[<prev] [next>] [<thread-prev] [thread-next>] [day] [month] [year] [list]
Message-Id: <92821259-3a0a-ac29-805c-af7b1a1a1eba@linux.ibm.com>
Date: Tue, 3 Jul 2018 18:14:30 +0200
From: Halil Pasic <pasic@...ux.ibm.com>
To: Cornelia Huck <cohuck@...hat.com>
Cc: Harald Freudenberger <freude@...ux.ibm.com>,
Tony Krowiak <akrowiak@...ux.vnet.ibm.com>,
linux-s390@...r.kernel.org, linux-kernel@...r.kernel.org,
kvm@...r.kernel.org, freude@...ibm.com, schwidefsky@...ibm.com,
heiko.carstens@...ibm.com, borntraeger@...ibm.com,
kwankhede@...dia.com, bjsdjshi@...ux.vnet.ibm.com,
pbonzini@...hat.com, alex.williamson@...hat.com,
pmorel@...ux.vnet.ibm.com, alifm@...ux.vnet.ibm.com,
mjrosato@...ux.vnet.ibm.com, jjherne@...ux.vnet.ibm.com,
thuth@...hat.com, pasic@...ux.vnet.ibm.com, berrange@...hat.com,
fiuczy@...ux.vnet.ibm.com, buendgen@...ibm.com,
Tony Krowiak <akrowiak@...ux.ibm.com>
Subject: Re: [PATCH v6 21/21] s390: doc: detailed specifications for AP
virtualization
On 07/03/2018 04:30 PM, Cornelia Huck wrote:
> On Tue, 3 Jul 2018 15:58:37 +0200
> Halil Pasic <pasic@...ux.ibm.com> wrote:
>
>> On 07/03/2018 03:25 PM, Cornelia Huck wrote:
>>> On Tue, 3 Jul 2018 14:20:11 +0200
>>> Halil Pasic <pasic@...ux.ibm.com> wrote:
>>>
>>>> On 07/03/2018 01:52 PM, Cornelia Huck wrote:
>>>>> On Tue, 3 Jul 2018 11:22:10 +0200
>>>>> Halil Pasic <pasic@...ux.ibm.com> wrote:
>>>>>
>>>> [..]
>>>>>>
>>>>>> Let me try to invoke the DASD analogy. If one for some reason wants to detach
>>>>>> a DASD the procedure to follow seems to be (see
>>>>>> https://www.ibm.com/support/knowledgecenter/en/linuxonibm/com.ibm.linux.z.lgdd/lgdd_t_dasd_online.html)
>>>>>> the following:
>>>>>> 1) Unmount.
>>>>>> 2) Offline possibly using safe_offline.
>>>>>> 3) Detach.
>>>>>>
>>>>>> Detaching a disk that is currently doing I/O asks for trouble, so the admin is encouraged
>>>>>> to make sure there is no pending I/O.
>>>>>
>>>>> I don't think we can use dasd (block devices) as a good analogy for
>>>>> every kind of device (for starters, consider network devices).
>>>>>
>>>>
>>>> I did not use it for every kind of device. I used it for AP. I'm
>>>> under the impression you find the analogy inappropriate. If, could
>>>> you please explain why?
>>>
>>> I don't think block devices (which are designed to be more or less
>>> permanently accessed, e.g. by mounting a file system) have the same
>>> semantics as ap devices (which exist as a backend for crypto requests).
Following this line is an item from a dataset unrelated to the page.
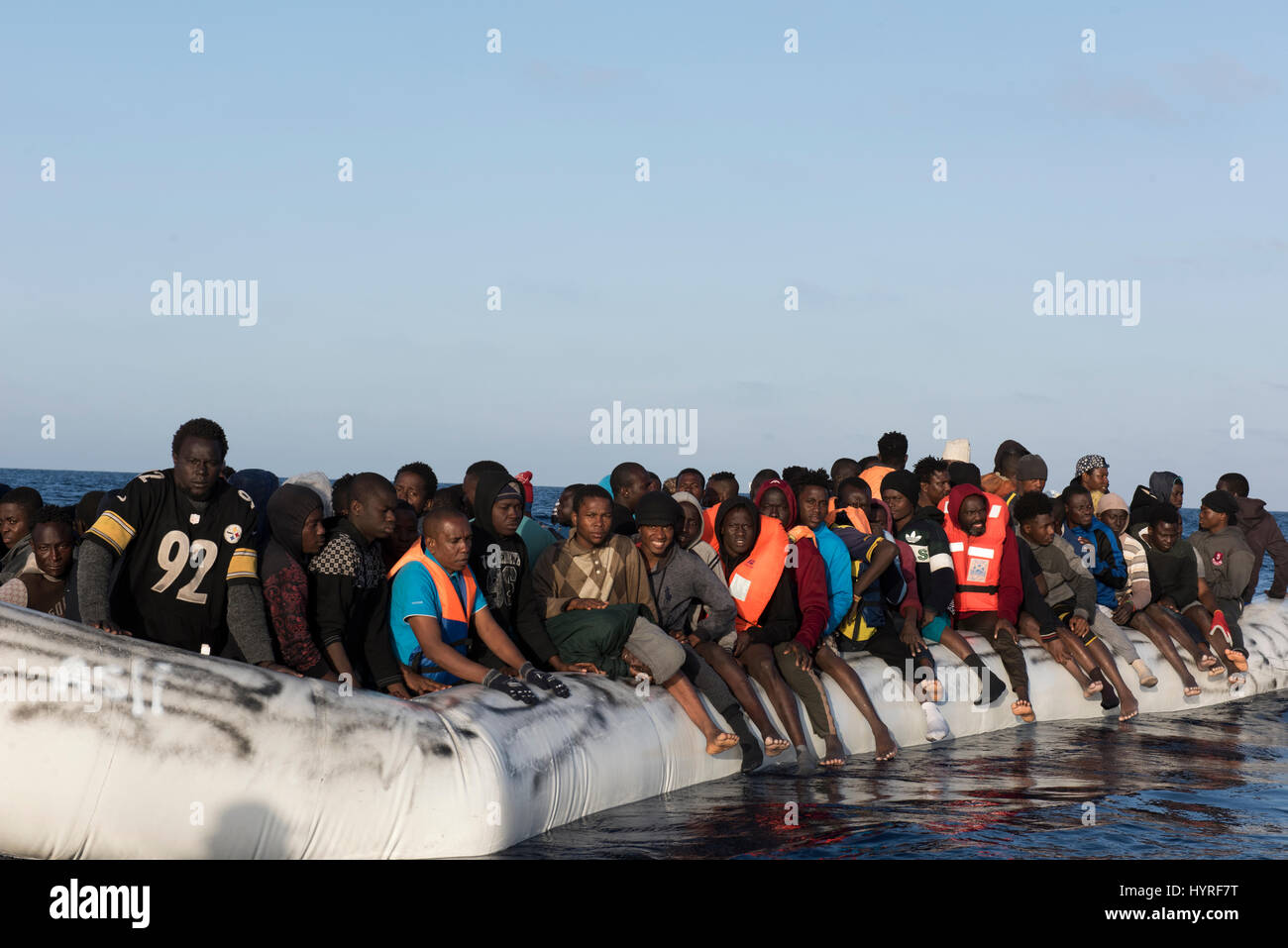 Etwa 150 Flüchtlingen/Migranten aus Afrika sitzen auf einer Rubberboat in schlechtem Zustand und möchten das Mittelmeer nach Europa zu gelangen. Stockfoto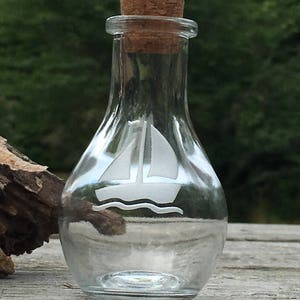 May include: A clear glass bottle with a cork stopper. The bottle features a white sailboat design etched on the front. The bottle is sitting on a wooden surface with a blurred green background.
>>> Not everything that makes sense for a block device makes sense for
>>> other devices as well, and I don't think it makes sense here.
>>>
>>
>> I'm still confused. If it's about frequency of access (as hinted
>> by block devices accessed more or less permanently) I'm not sure
>> there is a substantial difference. I guess there are scenarios where
>> the AP domain is used very seldom (e.g. protected keys --> most of
>> the crypto ops done by CPACF but AP unwraps at the beginning), but
>> there are such scenarios for block too.
>>
>> If it's about (persistent) state, I guess it again depends on the
>> scenario and on the type of the card. But I may be wrong.
>
> So, let's turn this around: Why do you think that dasd (and not qeth or
> whatever) is a good model for ap device unbinding? Because I really
> fail to get it... maybe the ap driver maintainers can chime in.
>
Let's do it! But let me clarify one thing first I never stated that
dasd is the only good model.
What speaks for dasd as a model for unbinding:
* DASD is currently the only device we have vfio-mdev passthrough
for on s390x.
* DASD is comparatively simple and familiar. I'm not less confident
to talk about qeth or whatever else than to talk about DASD.
* DASD has persistent state. A NIC is much more stateless.
* DASD has offline and safe_offline. This kind of demonstrates that
the stock operation may trade 'safety' for stuff (e.g. guarantee to
terminate). Since the queue reset implemented by Tony has a limited
wait built in this seemed relevant.
* DASD can be seen as request-response with some local-ish stuff
as opposed to sending and receiving packets in a probably largish
network. The idea of outstanding operations is easy to gasp.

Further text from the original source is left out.